Aucun parti politique, existant ou à venir, ne sera à  même de changer seul la donne à gauche.  Il n'y aura pas,  à échéance  de plusieurs années, une organisation unifiée des 'antilibéraux' ou 'anticapitalistes', et nous le regrettons.

La LCR ne dérogera pas à sa ligne de construction du Nouveau Parti Anticapitaliste, le PCF  est loin d'en avoir fini avec l'introspection.  Le travail sur le projet et les formes politiques dessinant une alternative est encore en cours, mais nous pouvons franchir une première étape par la convergence, dans leur diversité, des organisations, courants, collectifs, et au-delà, de dizaines de milliers de femmes et d'hommes engagés dans les combats féministes, écologistes, sociaux, démocratiques, altermondialistes.


Les Alternatifs approuvent donc la proposition d'Etats généraux de la gauche de transformation sociale et écologique, portée notamment par les collectifs unitaires, et se félicitent du succès de l'appel 'Rassembler' des Bouches-du Rhône, démarches visant à rassembler la gauche de transformation sociale et écologique, la gauche antilibérale.

Si un certain nombre de formations politiques ne s'associaient pas à la démarche de convergence, nous ne baisserons pas les bras, et proposerons l'organisation d'états généraux de la gauche unitaire de transformation sociale et écologique, permettant à tous les secteurs unitaires du camp antilibéral de réfléchir et agir ensemble.

A ce stade du processus, plutôt que la fusion dans un parti commun de gauche critique, l’organisation de la convergence pourrait combiner une alliance permanente de différentes structures politiques, et une structuration à la base unitaire et ouverte.

Cette recherche opiniâtre de la convergence des forces de la gauche de gauche, n'est pas contradictoire avec notre volonté de renforcer et rassembler les forces alternatives autogestionnaires et écologistes au sein d'une organisation commune.
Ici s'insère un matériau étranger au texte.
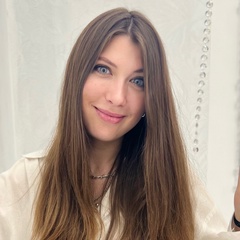 Елизавета Акулич, 34 года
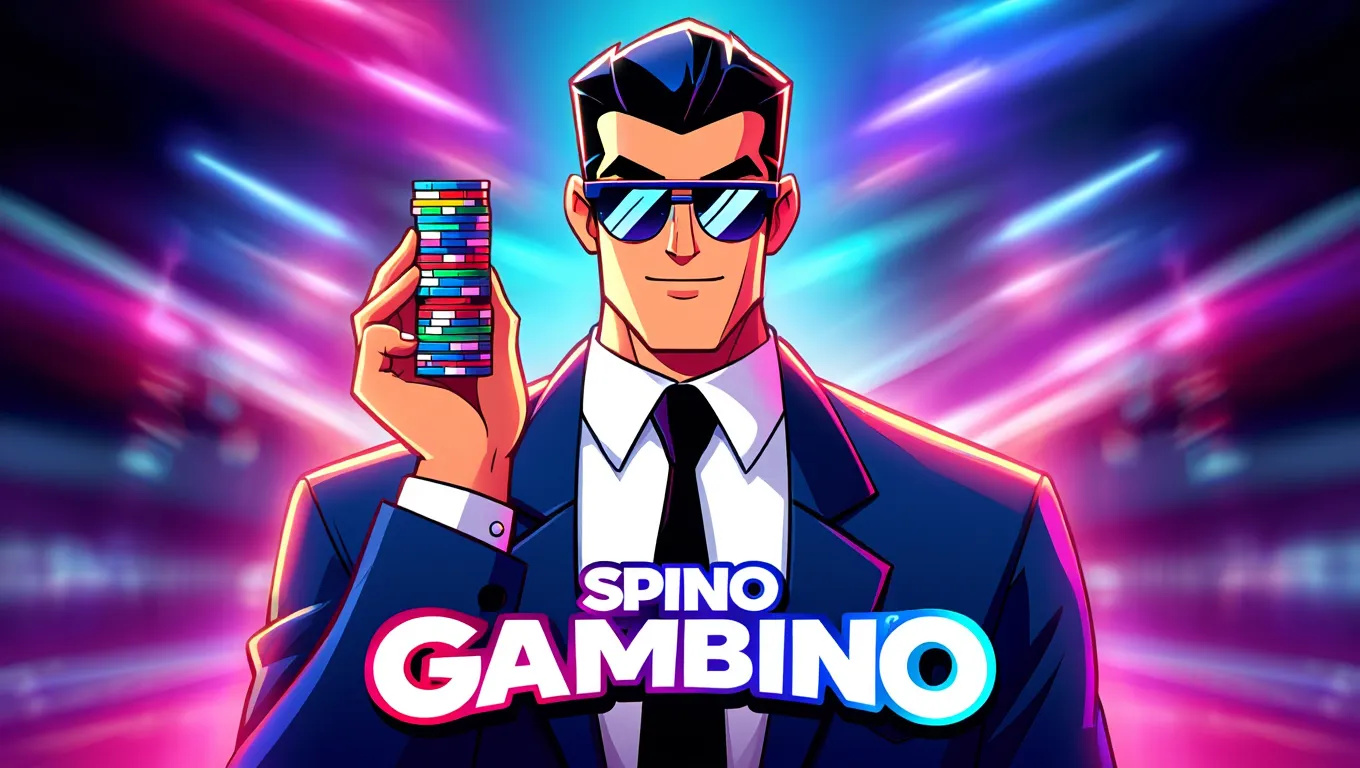 spino gambino spino gambino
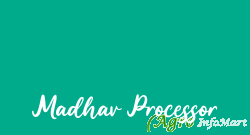 Madhav Processor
Nous affirmons notre disponibilité à tous pas en avant dans ce sens, et faisons dès à présent de premières propositions sur la nature de l'organisation à construire.


NOUS VOULONS UN PROJET ALTERNATIF

Pour répondre à la crise sociale, la crise de la démocratie
représentative, la crise écologique.  C'est à partir de la pleine prise en compte de ces trois éléments majeurs que se construit un projet alternatif.
En germe dans les luttes sociales auto organisées, prenant en compte les acquis du mouvement altermondialiste (échanges sur un pied d'égalité entre mouvements syndicaux, associatifs, politiques, internationalisme altermondialiste, refus des paradigmes réducteurs 'rouge' ou 'vert' et recherche des synthèses). Tirant le bilan de l'échec historique des deux modèles dominants au sein du mouvement ouvrier.
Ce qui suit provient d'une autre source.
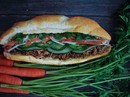 Chàng trai Việt tạo dựng thương hiệu bánh mì trên đất Mỹ Chàng trai Việt tạo dựng thương hiệu bánh mì trên đất Mỹ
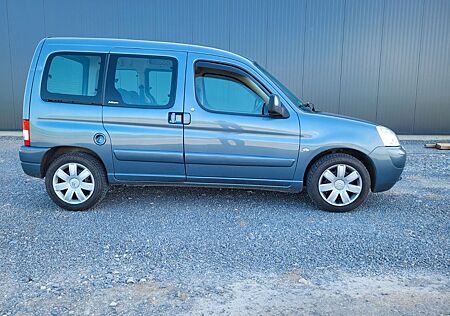 Citroën Berlingo 1.6 16V Multispace Plus Multispace Plus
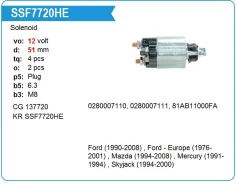 ����������� ���� �������� Krauf SSF7720HE SSF7720HE ����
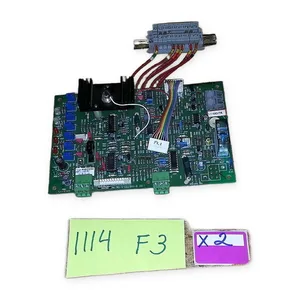 Lumonics E81T8631C Marker PCB Control Card Module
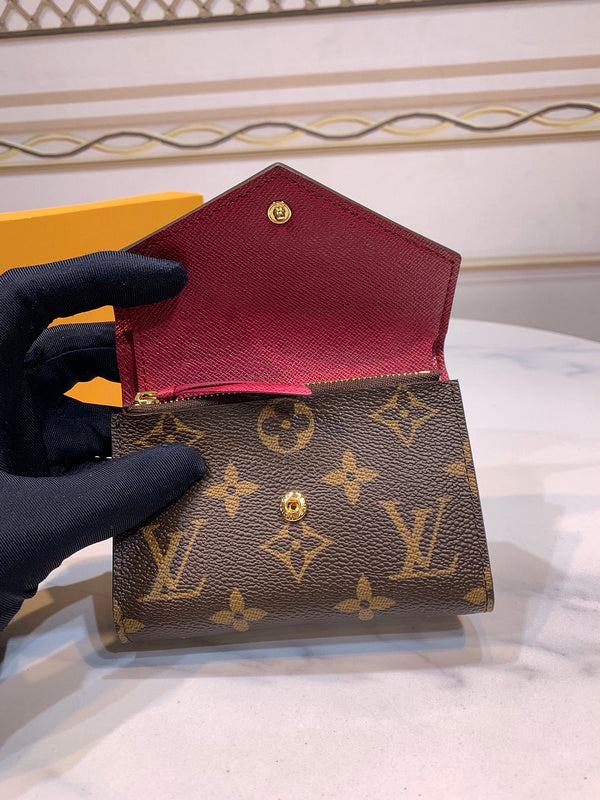 Satchel Bags - VL Bags - 6284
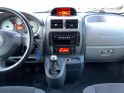 Fiat scudo panorama evoluzione 2.0 hdi multijet 163cv 9pl distribution  embrayage neuf / bluetooth /clim auto/  attelage-...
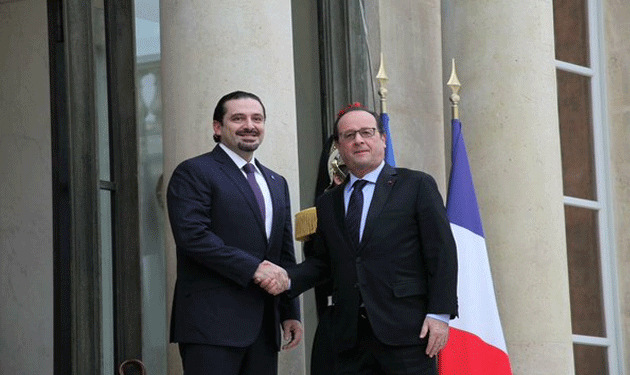 saad-hariri-hollande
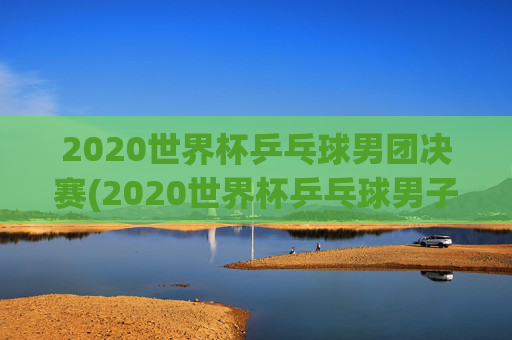 2020世界杯乒乓球男团决赛(2020世界杯乒乓球男子决赛)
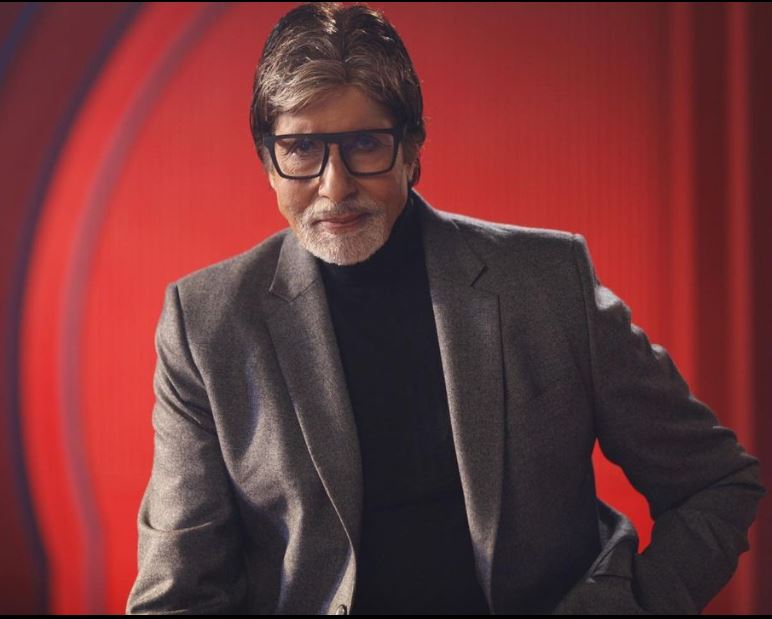 Big B Bithday Special:  golden moments of Amitabh Bachchan silence on the screen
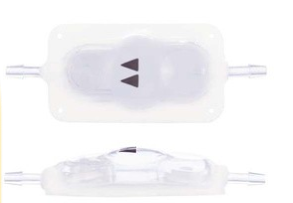 Regular Defit Shunts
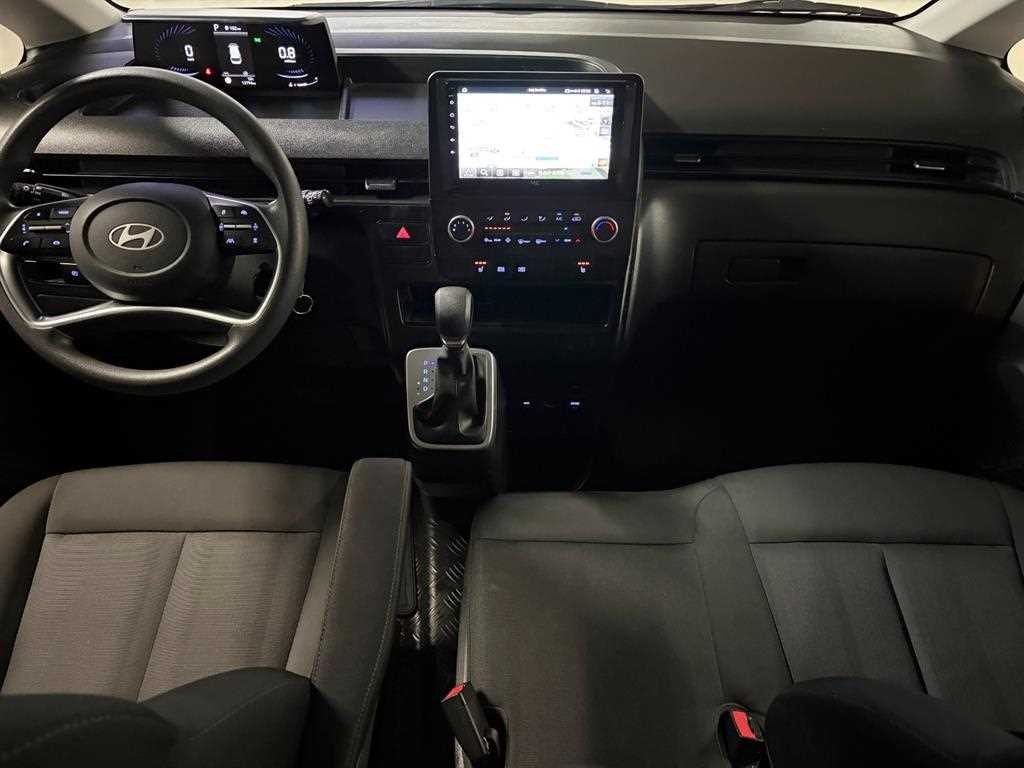 현대 스타리아 2WD 디젤 투어러 스마트 11인승 이미지 6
Un projet rouge, vert, autogestionnaire, féministe, altermondialiste sera à même d'exprimer la diversité des champs d'action, des formes organisées sociales et politiques, pour permettre la convergence des résistances et bâtir une perspective d'ensemble.

Dans un monde ravagé par le capitalisme mondialisé, l'anticapitalisme doit être le fil rouge de ce projet.  Le féminisme et l'écologie en sont partie intégrante et ne sont pas les contradictions secondaires de l'anticapitalisme qui serait la contradiction principale.

Simplement, même si les dégâts  dans le  milieu naturel sont vieux comme l'humanité,  ils prennent sous le règne du productivisme capitaliste l'allure d'une catastrophe permanente, et même si la domination subie par les femmes a sa logique et son autonomie propres, elle recoupe l'organisation capitaliste du travail où les femmes occupent toujours, pour le plus grand nombre, une place subalterne.


Quant à l’autogestion, elle n’est ni un supplément d’âme ni un objectif lointain pour les lendemains de la prise du pouvoir.  L’autogestion est une exigence immédiate, but et moyen à la fois, pratique dans les luttes et aspiration dans le fonctionnement même des structures associatives, syndicales, politiques. Réapparue en Amérique Latine, elle est vivace dans l’entreprise comme dans la vie de la cité à travers les aspirations tenaces à la démocratie dite participative.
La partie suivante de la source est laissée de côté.